§ **Records for this task**:
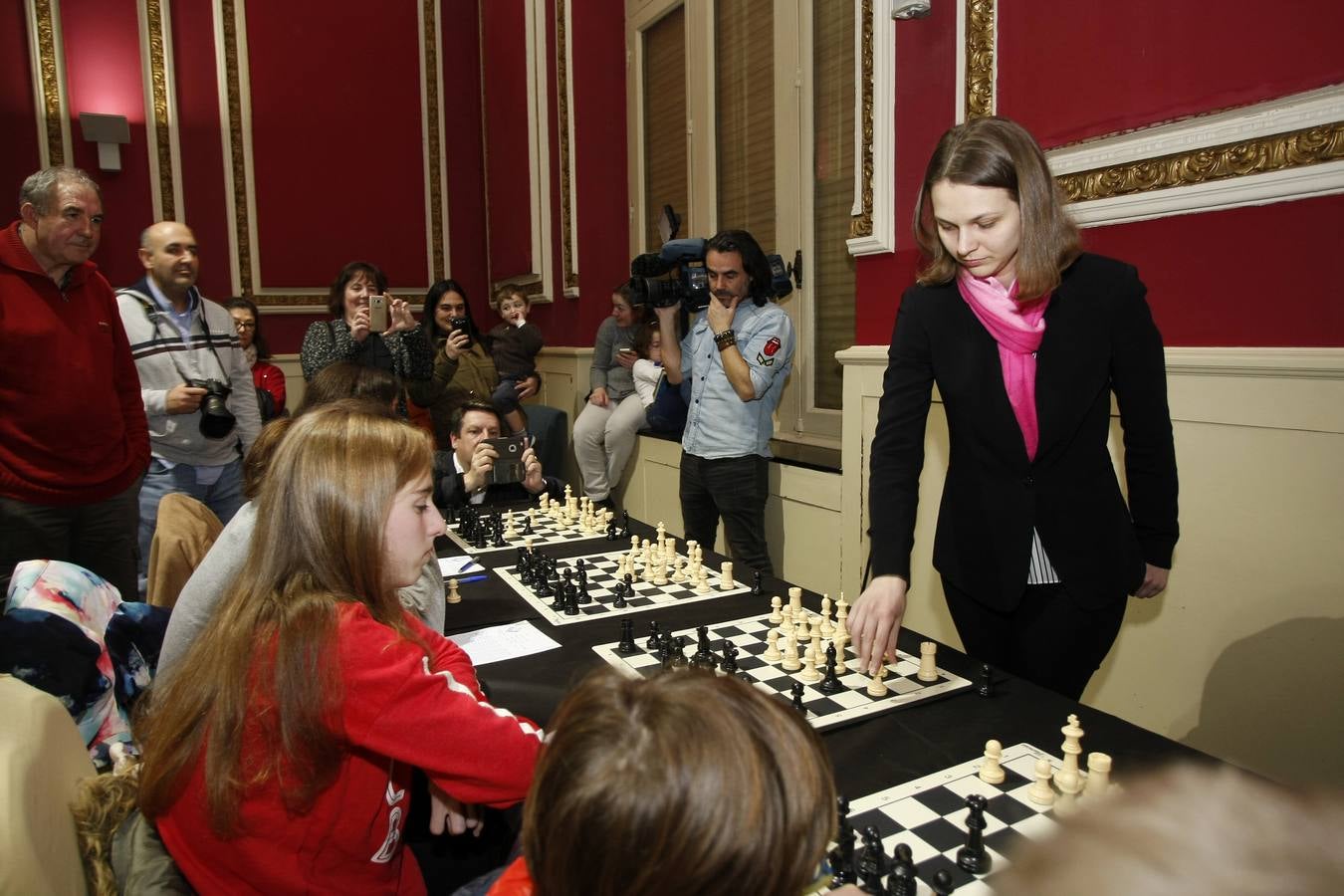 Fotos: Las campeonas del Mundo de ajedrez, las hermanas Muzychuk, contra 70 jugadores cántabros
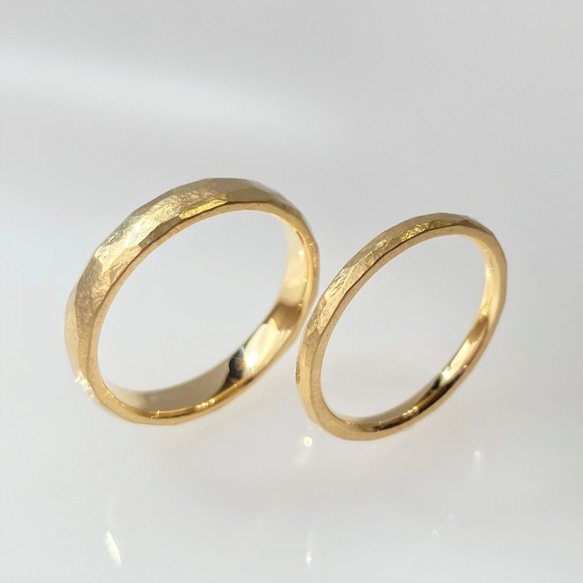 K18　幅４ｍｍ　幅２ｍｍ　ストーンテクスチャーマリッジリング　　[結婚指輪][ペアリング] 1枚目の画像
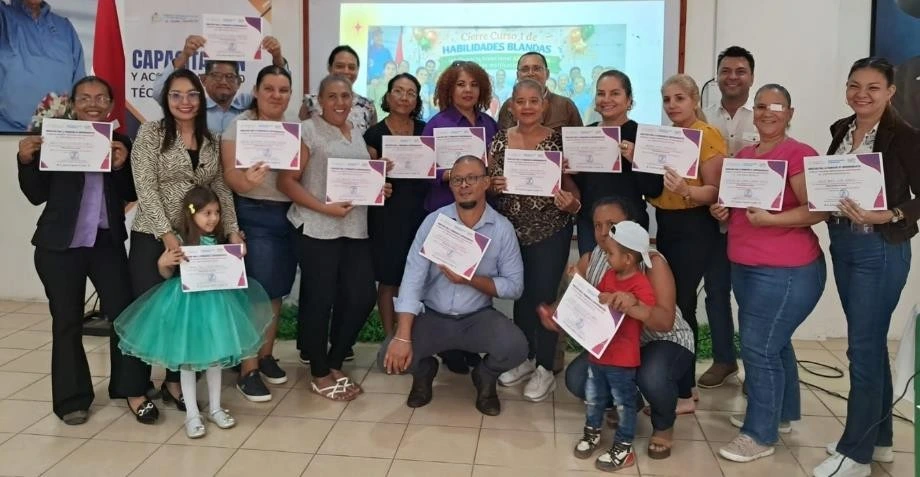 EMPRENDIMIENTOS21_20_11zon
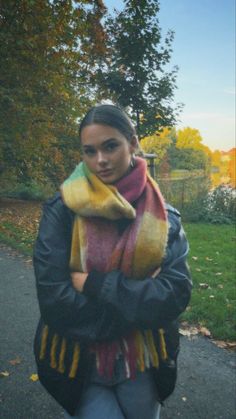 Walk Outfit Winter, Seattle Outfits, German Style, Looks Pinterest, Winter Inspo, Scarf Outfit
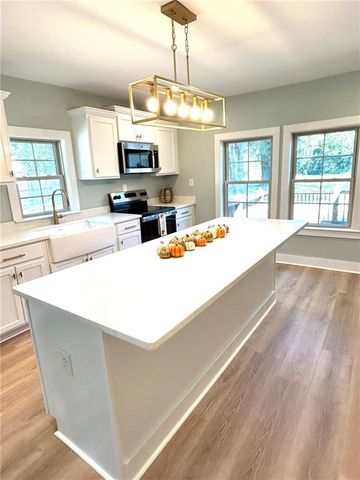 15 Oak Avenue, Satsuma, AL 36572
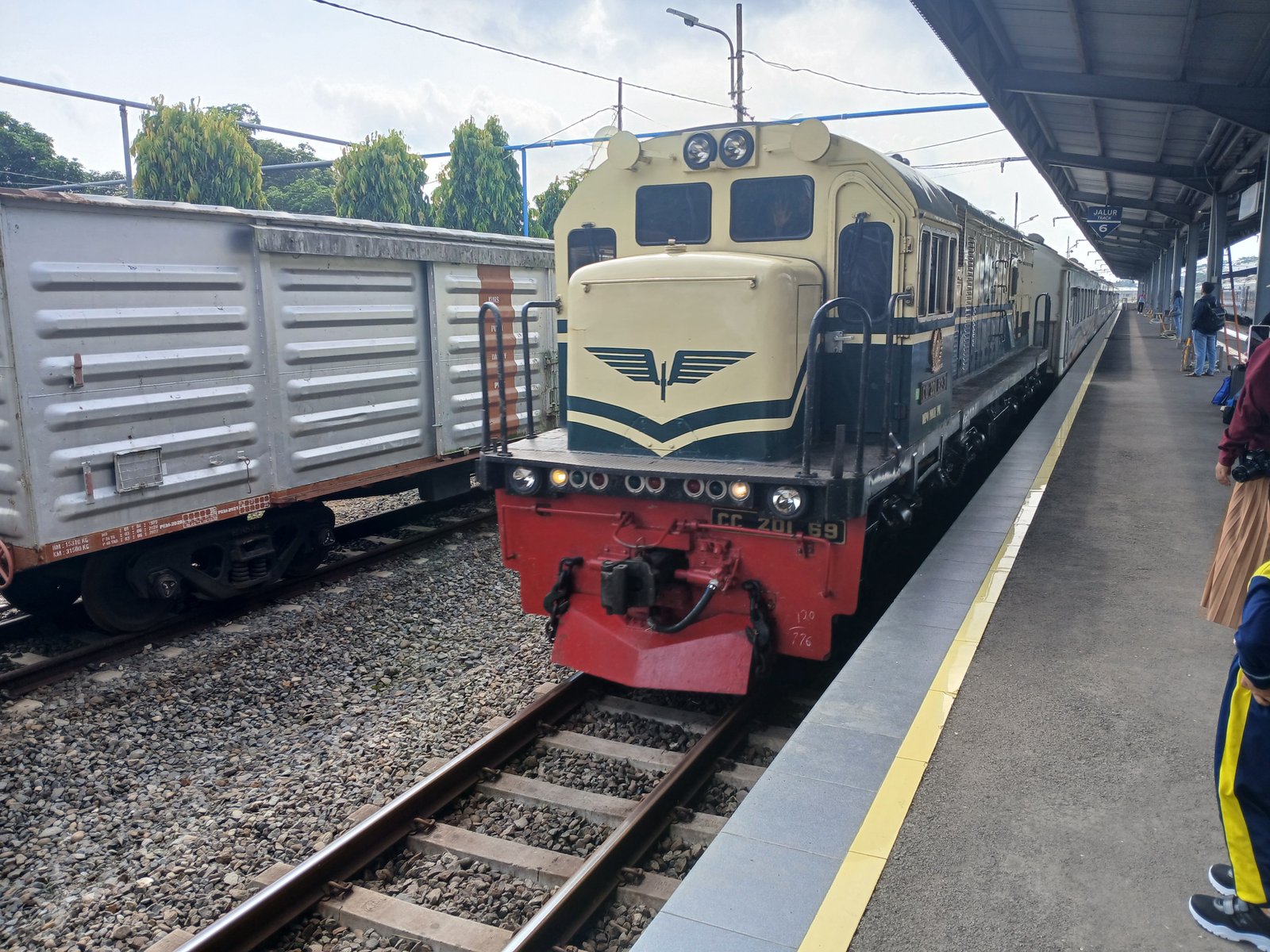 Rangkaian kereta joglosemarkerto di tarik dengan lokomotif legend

--

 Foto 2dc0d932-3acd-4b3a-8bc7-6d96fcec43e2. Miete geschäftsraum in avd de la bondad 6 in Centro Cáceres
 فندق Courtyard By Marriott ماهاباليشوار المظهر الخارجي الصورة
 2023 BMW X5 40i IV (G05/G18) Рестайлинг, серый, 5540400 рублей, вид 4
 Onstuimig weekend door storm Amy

* * *

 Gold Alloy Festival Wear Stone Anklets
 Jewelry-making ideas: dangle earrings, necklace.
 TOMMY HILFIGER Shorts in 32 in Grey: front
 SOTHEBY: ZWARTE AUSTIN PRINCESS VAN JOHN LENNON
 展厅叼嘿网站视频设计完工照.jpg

§ **What you have to do**: Write out, word for word, the stretch of entries that begins at the line with "15 Oak Avenue, Satsuma, AL 36572" and ends at the line with "Rangkaian kereta joglosemarkerto". Pictures do not belong in it.

§ **Output of the task**:
 15 Oak Avenue, Satsuma, AL 36572
 Rangkaian kereta joglosemarkerto di tarik dengan lokomotif legend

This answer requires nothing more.